From South Ken to Shoreditch, from Jermyn Street to Mare Street – these days anyone that’s anyone is wearing red trousers.

If you want your leg-coverings to let the world know that you’ve got a few quid and don’t care who knows it, or that you have some big ideas about what’s on at the ICA right now - or simply that you are completely insane (but in a mainly non-stabby way) - then you’d better get your wife or girlfriend to take those jeans and chinos down to the charity shop post-haste!
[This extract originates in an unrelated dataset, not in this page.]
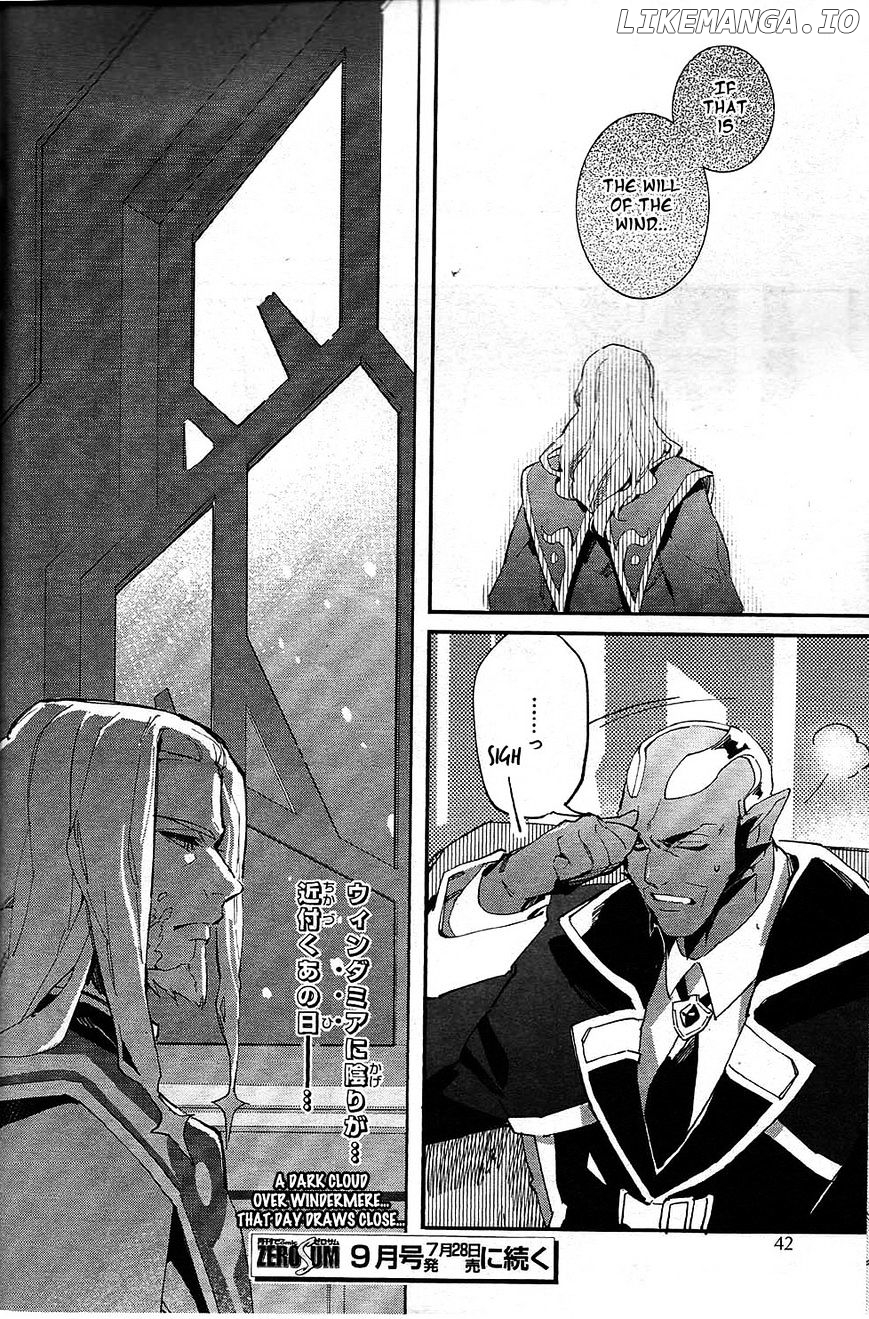 Macross Delta Kuroki Tsubasa no Shiro Kishi chapter 3 - page 25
Because there’s only one type of trousers you’ll be wanting to wear, and that’s RED TROUSERS. In fact - if you can’t wear red trousers you’d be better off wearing NO TROUSERS AT ALL. That’s what I say.

Tuesday, 21 August 2012

The Red Baron

You're only as old as the scooter you ride...  And are those red/pink-tinted spectacles?


  1. Love the website!

    I normally just wear white flannels but every now and then my farmers would flare up and I'd have to go out looking like a jap flag. Not any more thanks to my new RT's!

  2. Disappointed at the the lack of snazzy socks, but on the whole a thoroughly pleasing image

  3. Looks like the pink specs are his 'driving' specs as he has his 'street' pair tucked away in his top pocket, look.

  4. Mustard shoes set the RTs off beautifully.

  5. He's riding a Jap bike shocking, is this Croydon?